EXERCISE DATA -
[Start of section]

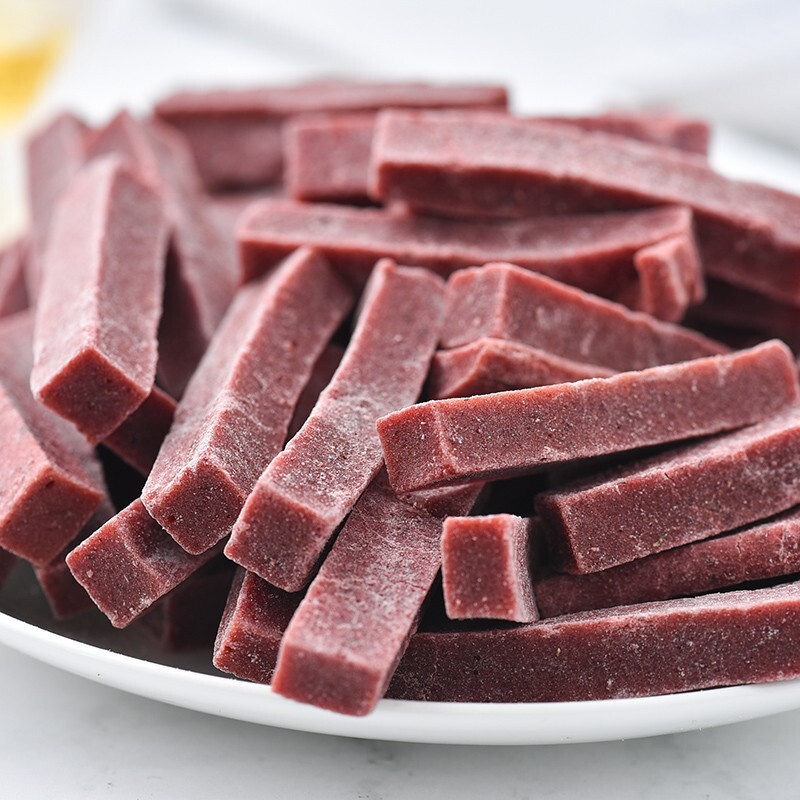 Mulberry Hawthorn Fruit Strips Original Flavor Chewy Herbal Fruit Snack 250g in use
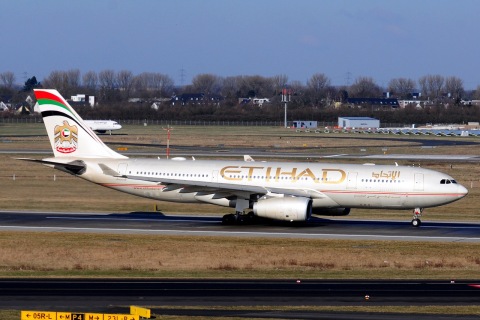 A6-EYJ - A330-243 - Etihad Airways - DUS - 27-02-2018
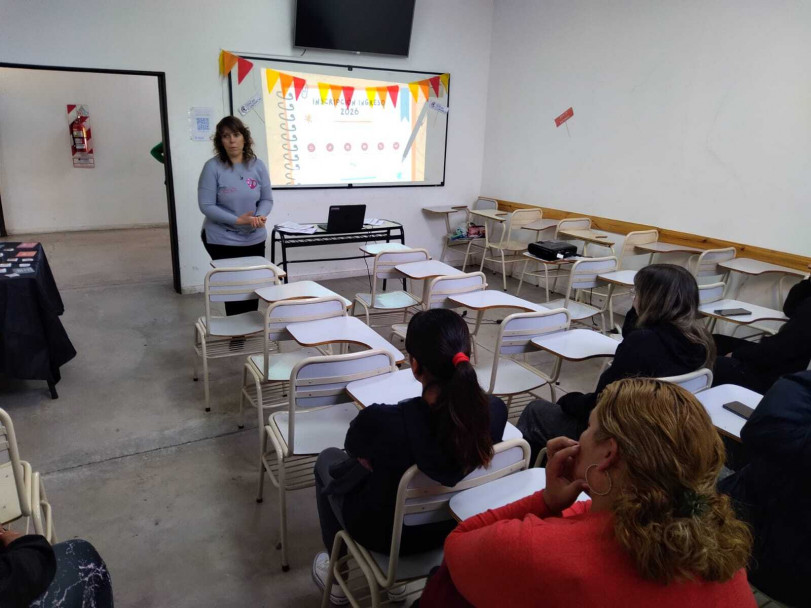 imagen Con una gran concurrencia de jóvenes se realizó la Facultad Abierta en sede central y este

[End of section]

EXERCISE - Write out the data once more exactly, omitting the pictures.

YOUR SOLUTION -
 Mulberry Hawthorn Fruit Strips Original Flavor Chewy Herbal Fruit Snack 250g in use
 A6-EYJ - A330-243 - Etihad Airways - DUS - 27-02-2018
 imagen Con una gran concurrencia de jóvenes se realizó la Facultad Abierta en sede central y este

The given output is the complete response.